Mit einer Überarbeitung des Brexit-Abkommens stößt Johnson in Brüssel aber auf taube Ohren. Die Position der Europäischen Union bleibe unverändert, sagte die Sprecherin von EU-Kommissionspräsident Jean-Claude Juncker. Das mit Johnsons Vorgängerin Theresa May ausgehandelte Austrittsabkommen sei der „bestmögliche Deal“.
Denkbar sei lediglich, die geplante politische Erklärung zu den künftigen Beziehungen zwischen der EU und Großbritannien zu ergänzen. „Das Austrittsabkommen werden wir nicht noch einmal aufmachen."

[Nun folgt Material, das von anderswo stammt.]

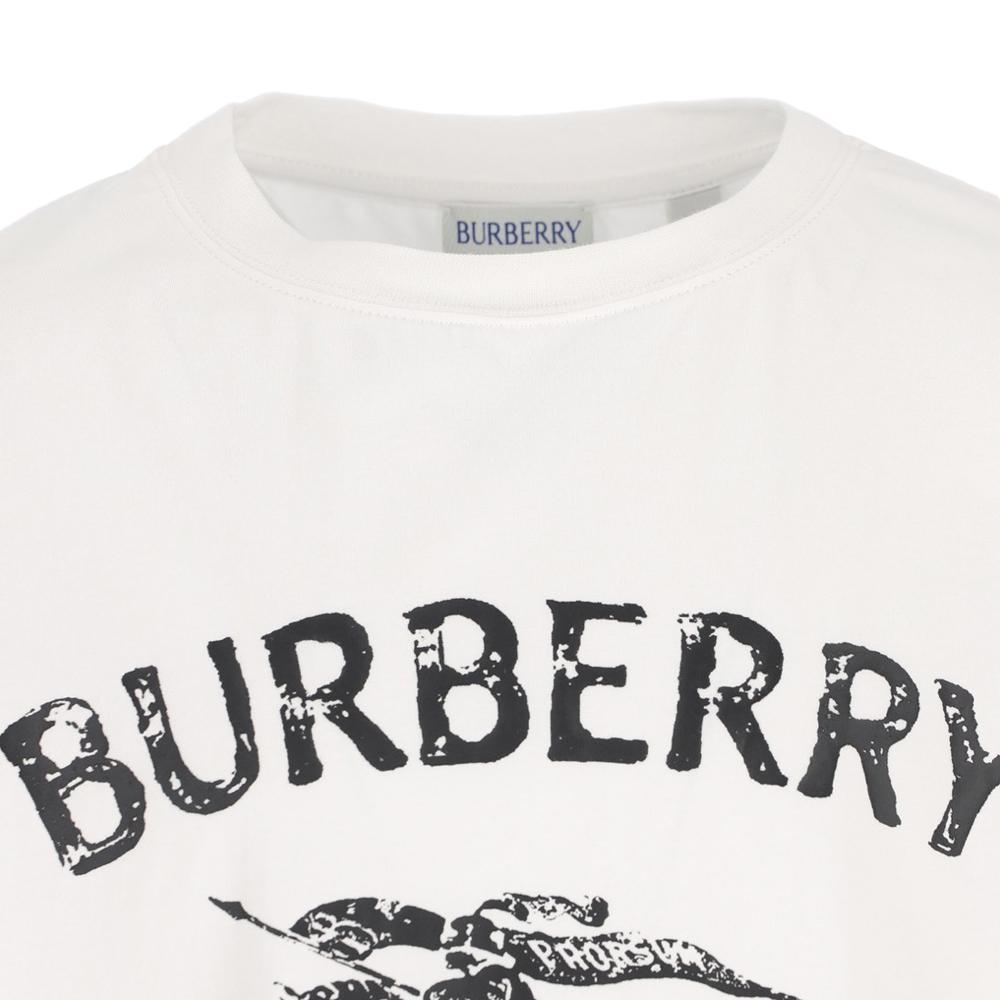 BURBERRY EKD Logo Distressed Short Sleeve T-Shirt White 8117319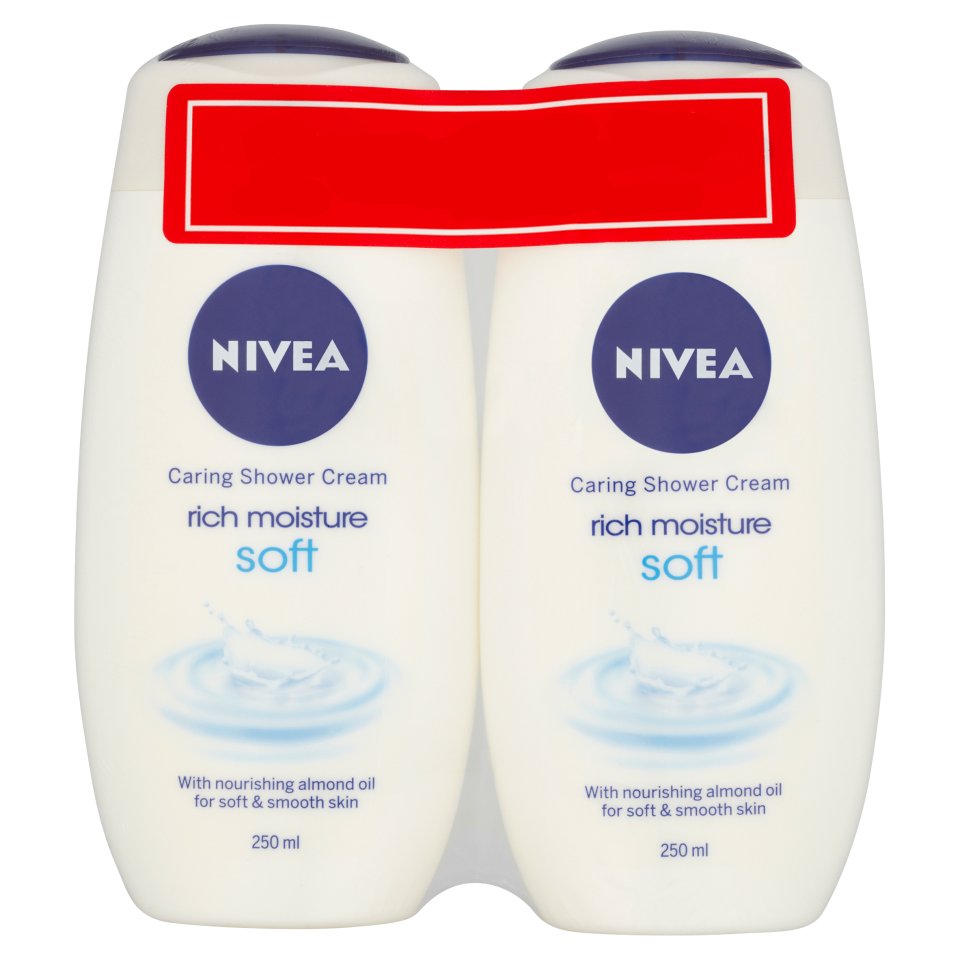 Nivea Shower Rich Moisture Soft Twin Pack 250ml Centra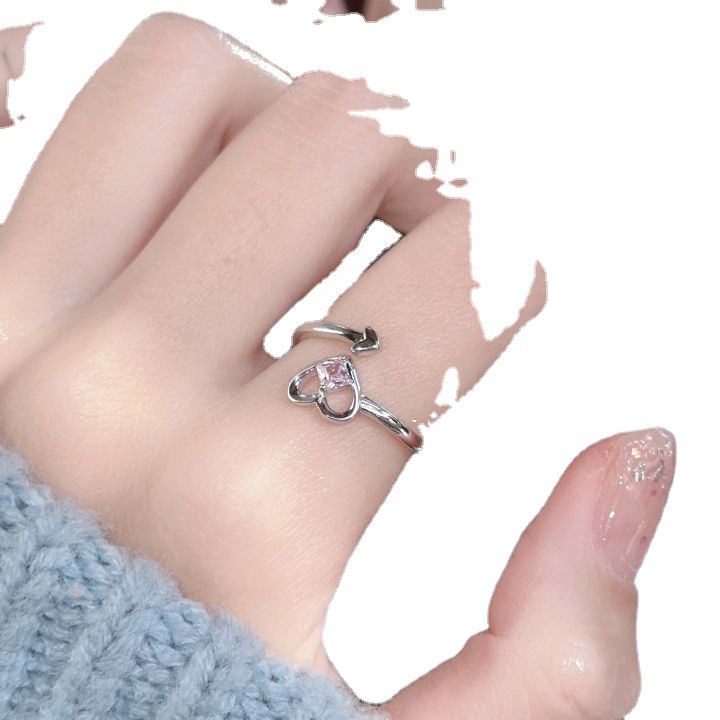 Sweet ins love pink diamond open ring female niche design high-end fashion versatile adjustable index finger ring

Zuvor hatte der neue Mann in 10 Downing Street seine erste Kabinettssitzung geleitet und seine Regierung auf den Brexit spätestens am 31. Oktober eingeschworen. "Wir sind jetzt verpflichtet, wir alle, die Europäische Union am 31. Oktober oder tatsächlich früher zu verlassen - ohne Wenn und Aber", sagte Johnson am Donnerstagmorgen.
DUP-Abgeordnete: Harter Brexit bleibt "auf dem Tisch"
Im Parlament sieht sich der Premier denselben Problemen gegenüber wie seine Vorgängerin Theresa May. Die nordirische Partei DUP, auf deren Stimmen die Minderheitsregierung seiner Konservativen Partei im Unterhaus angewiesen ist, erklärte, sie beharre auf einen Brexit mit einem Abkommen mit der EU. "Das ist unsere Priorität", sagte der führende DUP-Abgeordnete Jeffrey Donaldson dem Sender RTE Radio. "Wir wollen kein No-Deal-Szenario." Aus Schottland kamen zudem erneut Rufe nach einem Unabhängigkeitsreferendum.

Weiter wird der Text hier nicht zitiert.